**WHAT THIS TASK INVOLVES**
Please set down each line of the material exactly.

==========

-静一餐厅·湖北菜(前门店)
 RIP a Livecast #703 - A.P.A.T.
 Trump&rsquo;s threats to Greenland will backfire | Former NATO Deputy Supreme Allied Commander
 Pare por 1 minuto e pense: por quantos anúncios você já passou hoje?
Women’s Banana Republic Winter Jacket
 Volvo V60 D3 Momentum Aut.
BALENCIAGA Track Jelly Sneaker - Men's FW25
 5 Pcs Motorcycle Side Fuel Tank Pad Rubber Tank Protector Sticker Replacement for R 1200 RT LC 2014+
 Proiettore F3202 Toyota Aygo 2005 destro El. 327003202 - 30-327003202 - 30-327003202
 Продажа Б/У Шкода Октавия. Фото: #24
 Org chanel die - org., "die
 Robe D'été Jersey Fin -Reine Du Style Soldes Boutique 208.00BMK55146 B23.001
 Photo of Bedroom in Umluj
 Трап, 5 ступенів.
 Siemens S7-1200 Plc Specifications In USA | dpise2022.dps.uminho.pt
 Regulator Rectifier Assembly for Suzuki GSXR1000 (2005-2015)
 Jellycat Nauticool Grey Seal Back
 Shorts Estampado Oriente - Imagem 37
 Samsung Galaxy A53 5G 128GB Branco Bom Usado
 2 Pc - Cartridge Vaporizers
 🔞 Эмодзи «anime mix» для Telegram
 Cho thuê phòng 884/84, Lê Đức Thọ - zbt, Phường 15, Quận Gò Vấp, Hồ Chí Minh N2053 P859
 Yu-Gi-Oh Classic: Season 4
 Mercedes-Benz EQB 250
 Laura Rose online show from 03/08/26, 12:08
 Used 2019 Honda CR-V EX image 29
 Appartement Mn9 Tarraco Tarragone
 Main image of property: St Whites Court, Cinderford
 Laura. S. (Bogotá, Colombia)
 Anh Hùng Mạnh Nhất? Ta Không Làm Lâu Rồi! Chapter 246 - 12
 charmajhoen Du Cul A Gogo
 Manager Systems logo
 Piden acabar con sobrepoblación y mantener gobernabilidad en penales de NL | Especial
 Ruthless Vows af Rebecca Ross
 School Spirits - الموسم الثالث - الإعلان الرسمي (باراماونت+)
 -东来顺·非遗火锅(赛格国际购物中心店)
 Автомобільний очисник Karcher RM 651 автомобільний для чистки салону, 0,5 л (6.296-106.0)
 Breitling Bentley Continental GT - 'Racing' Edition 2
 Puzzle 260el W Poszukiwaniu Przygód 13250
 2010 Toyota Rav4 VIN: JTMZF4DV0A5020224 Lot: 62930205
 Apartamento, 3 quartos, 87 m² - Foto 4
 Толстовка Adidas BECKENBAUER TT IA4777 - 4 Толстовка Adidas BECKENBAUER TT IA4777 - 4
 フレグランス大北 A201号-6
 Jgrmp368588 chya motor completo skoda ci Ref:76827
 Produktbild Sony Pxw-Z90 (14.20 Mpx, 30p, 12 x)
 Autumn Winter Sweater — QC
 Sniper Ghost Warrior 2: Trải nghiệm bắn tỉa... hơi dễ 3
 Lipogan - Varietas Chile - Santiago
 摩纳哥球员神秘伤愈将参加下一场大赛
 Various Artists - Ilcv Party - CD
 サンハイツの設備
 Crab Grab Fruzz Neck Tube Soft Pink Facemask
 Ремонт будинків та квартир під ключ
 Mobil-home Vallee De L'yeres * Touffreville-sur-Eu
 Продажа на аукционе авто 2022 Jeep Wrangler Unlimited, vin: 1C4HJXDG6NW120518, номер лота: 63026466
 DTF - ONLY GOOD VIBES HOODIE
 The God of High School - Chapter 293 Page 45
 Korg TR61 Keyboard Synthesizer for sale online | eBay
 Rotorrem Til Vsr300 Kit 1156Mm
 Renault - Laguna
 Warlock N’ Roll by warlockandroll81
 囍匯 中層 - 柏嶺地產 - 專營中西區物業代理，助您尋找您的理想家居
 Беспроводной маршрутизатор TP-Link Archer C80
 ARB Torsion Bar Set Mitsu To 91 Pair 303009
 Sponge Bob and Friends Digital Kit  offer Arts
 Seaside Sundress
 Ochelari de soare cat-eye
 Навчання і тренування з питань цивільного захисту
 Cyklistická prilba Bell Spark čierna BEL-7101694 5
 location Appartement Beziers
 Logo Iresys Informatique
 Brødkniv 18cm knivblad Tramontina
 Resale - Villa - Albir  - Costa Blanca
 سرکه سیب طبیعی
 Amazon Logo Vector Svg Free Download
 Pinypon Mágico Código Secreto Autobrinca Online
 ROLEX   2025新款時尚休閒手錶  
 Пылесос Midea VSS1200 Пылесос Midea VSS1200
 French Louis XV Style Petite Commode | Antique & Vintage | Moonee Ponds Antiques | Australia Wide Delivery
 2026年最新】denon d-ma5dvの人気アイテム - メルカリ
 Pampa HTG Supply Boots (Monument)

==========

**ANSWER SECTION**
-静一餐厅·湖北菜(前门店)
 RIP a Livecast #703 - A.P.A.T.
 Trump&rsquo;s threats to Greenland will backfire | Former NATO Deputy Supreme Allied Commander
 Pare por 1 minuto e pense: por quantos anúncios você já passou hoje?
Women’s Banana Republic Winter Jacket
 Volvo V60 D3 Momentum Aut.
BALENCIAGA Track Jelly Sneaker - Men's FW25
 5 Pcs Motorcycle Side Fuel Tank Pad Rubber Tank Protector Sticker Replacement for R 1200 RT LC 2014+
 Proiettore F3202 Toyota Aygo 2005 destro El. 327003202 - 30-327003202 - 30-327003202
 Продажа Б/У Шкода Октавия. Фото: #24
 Org chanel die - org., "die
 Robe D'été Jersey Fin -Reine Du Style Soldes Boutique 208.00BMK55146 B23.001
 Photo of Bedroom in Umluj
 Трап, 5 ступенів.
 Siemens S7-1200 Plc Specifications In USA | dpise2022.dps.uminho.pt
 Regulator Rectifier Assembly for Suzuki GSXR1000 (2005-2015)
 Jellycat Nauticool Grey Seal Back
 Shorts Estampado Oriente - Imagem 37
 Samsung Galaxy A53 5G 128GB Branco Bom Usado
 2 Pc - Cartridge Vaporizers
 🔞 Эмодзи «anime mix» для Telegram
 Cho thuê phòng 884/84, Lê Đức Thọ - zbt, Phường 15, Quận Gò Vấp, Hồ Chí Minh N2053 P859
 Yu-Gi-Oh Classic: Season 4
 Mercedes-Benz EQB 250
 Laura Rose online show from 03/08/26, 12:08
 Used 2019 Honda CR-V EX image 29
 Appartement Mn9 Tarraco Tarragone
 Main image of property: St Whites Court, Cinderford
 Laura. S. (Bogotá, Colombia)
 Anh Hùng Mạnh Nhất? Ta Không Làm Lâu Rồi! Chapter 246 - 12
 charmajhoen Du Cul A Gogo
 Manager Systems logo
 Piden acabar con sobrepoblación y mantener gobernabilidad en penales de NL | Especial
 Ruthless Vows af Rebecca Ross
 School Spirits - الموسم الثالث - الإعلان الرسمي (باراماونت+)
 -东来顺·非遗火锅(赛格国际购物中心店)
 Автомобільний очисник Karcher RM 651 автомобільний для чистки салону, 0,5 л (6.296-106.0)
 Breitling Bentley Continental GT - 'Racing' Edition 2
 Puzzle 260el W Poszukiwaniu Przygód 13250
 2010 Toyota Rav4 VIN: JTMZF4DV0A5020224 Lot: 62930205
 Apartamento, 3 quartos, 87 m² - Foto 4
 Толстовка Adidas BECKENBAUER TT IA4777 - 4 Толстовка Adidas BECKENBAUER TT IA4777 - 4
 フレグランス大北 A201号-6
 Jgrmp368588 chya motor completo skoda ci Ref:76827
 Produktbild Sony Pxw-Z90 (14.20 Mpx, 30p, 12 x)
 Autumn Winter Sweater — QC
 Sniper Ghost Warrior 2: Trải nghiệm bắn tỉa... hơi dễ 3
 Lipogan - Varietas Chile - Santiago
 摩纳哥球员神秘伤愈将参加下一场大赛
 Various Artists - Ilcv Party - CD
 サンハイツの設備
 Crab Grab Fruzz Neck Tube Soft Pink Facemask
 Ремонт будинків та квартир під ключ
 Mobil-home Vallee De L'yeres * Touffreville-sur-Eu
 Продажа на аукционе авто 2022 Jeep Wrangler Unlimited, vin: 1C4HJXDG6NW120518, номер лота: 63026466
 DTF - ONLY GOOD VIBES HOODIE
 The God of High School - Chapter 293 Page 45
 Korg TR61 Keyboard Synthesizer for sale online | eBay
 Rotorrem Til Vsr300 Kit 1156Mm
 Renault - Laguna
 Warlock N’ Roll by warlockandroll81
 囍匯 中層 - 柏嶺地產 - 專營中西區物業代理，助您尋找您的理想家居
 Беспроводной маршрутизатор TP-Link Archer C80
 ARB Torsion Bar Set Mitsu To 91 Pair 303009
 Sponge Bob and Friends Digital Kit  offer Arts
 Seaside Sundress
 Ochelari de soare cat-eye
 Навчання і тренування з питань цивільного захисту
 Cyklistická prilba Bell Spark čierna BEL-7101694 5
 location Appartement Beziers
 Logo Iresys Informatique
 Brødkniv 18cm knivblad Tramontina
 Resale - Villa - Albir  - Costa Blanca
 سرکه سیب طبیعی
 Amazon Logo Vector Svg Free Download
 Pinypon Mágico Código Secreto Autobrinca Online
 ROLEX   2025新款時尚休閒手錶  
 Пылесос Midea VSS1200 Пылесос Midea VSS1200
 French Louis XV Style Petite Commode | Antique & Vintage | Moonee Ponds Antiques | Australia Wide Delivery
 2026年最新】denon d-ma5dvの人気アイテム - メルカリ
 Pampa HTG Supply Boots (Monument)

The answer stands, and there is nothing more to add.